=== Supplied material ===

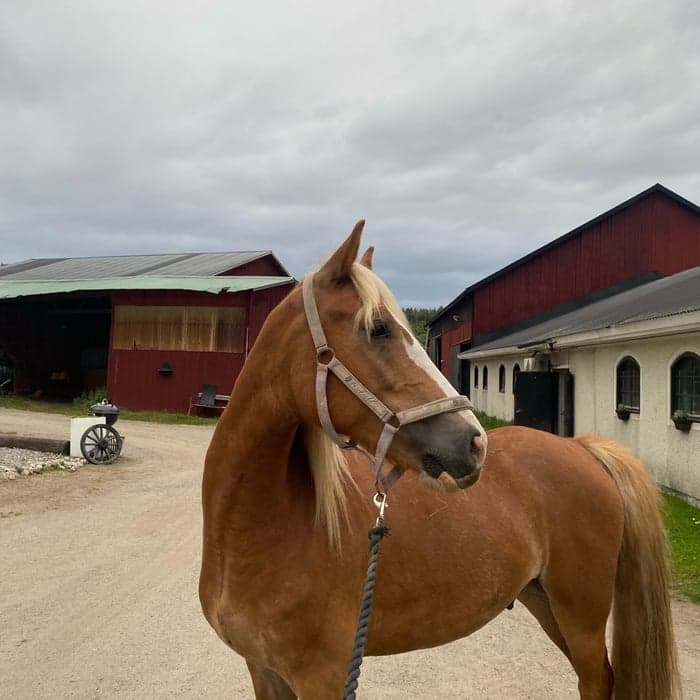 Media 1 av wish popular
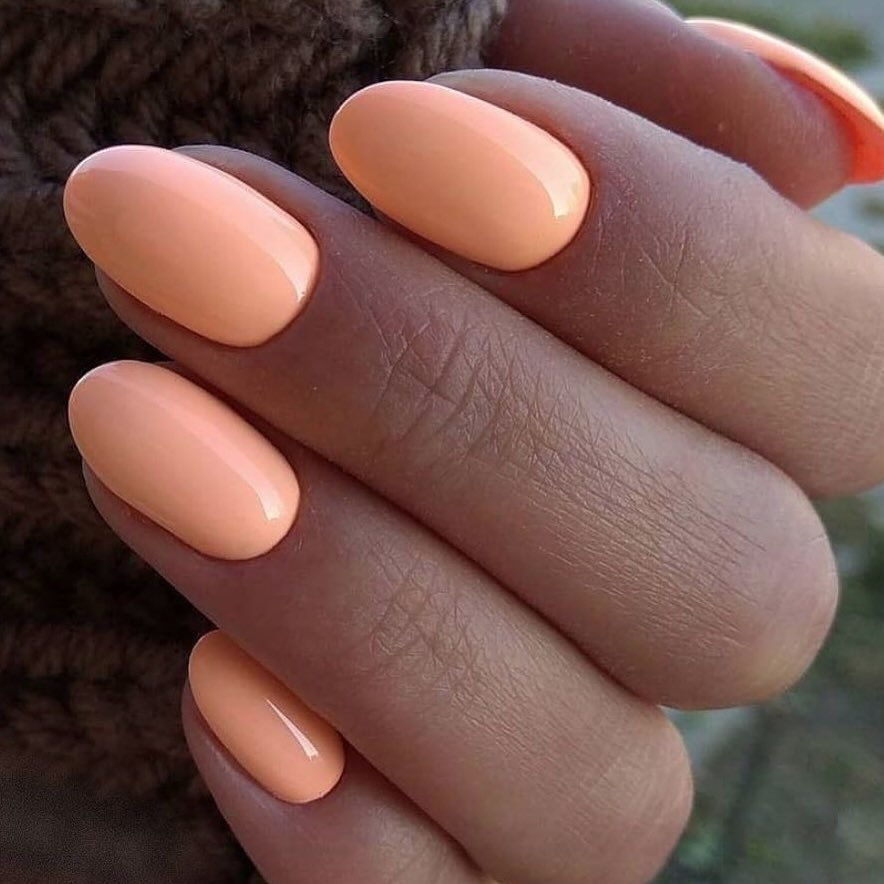 glossy pastel peach manicure on neat oval shaped nails with a sweater background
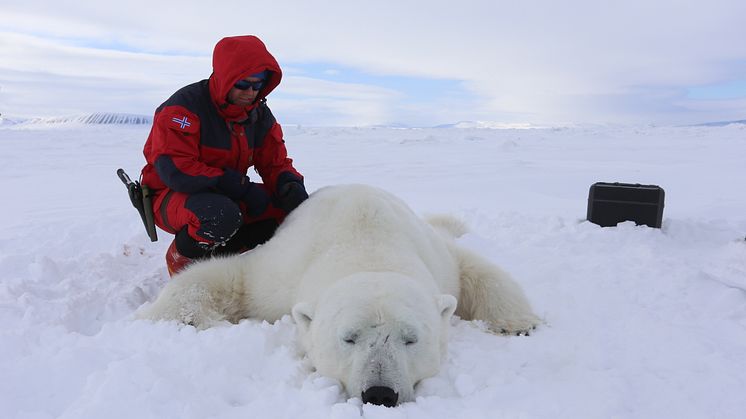 Sampling from a polar bear (Photo: Magnus Andersen / Norwegian Polar Institute).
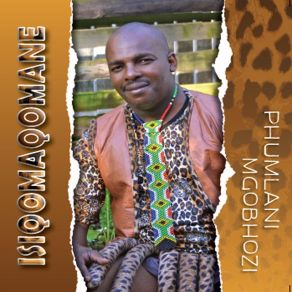 Download track Imizi Izovalwa Phumlani Mgobhozi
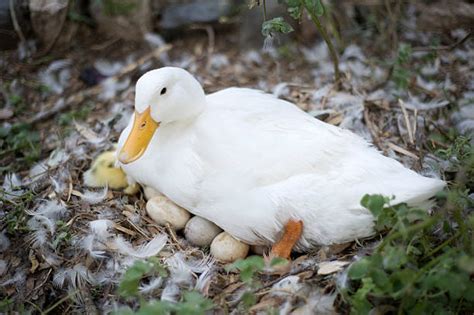 Duck Nest Stock Photos Pictures And Royalty Free Images Istock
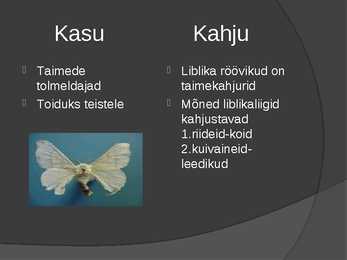 Liblikad #8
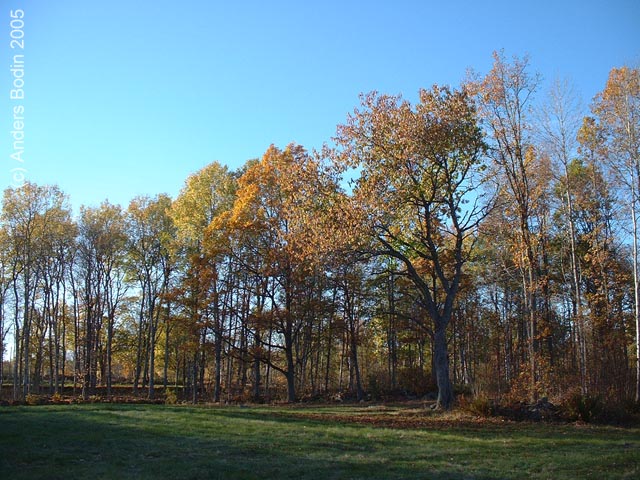 Hus06_okt05-003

===

§ **Problem description**
Copy out, without any pictures, the lines of the records above from the one containing "Duck Nest Stock" through the final line, both ends included.

§ **Output for this exercise**
 Duck Nest Stock Photos Pictures And Royalty Free Images Istock
 Liblikad #8
 Hus06_okt05-003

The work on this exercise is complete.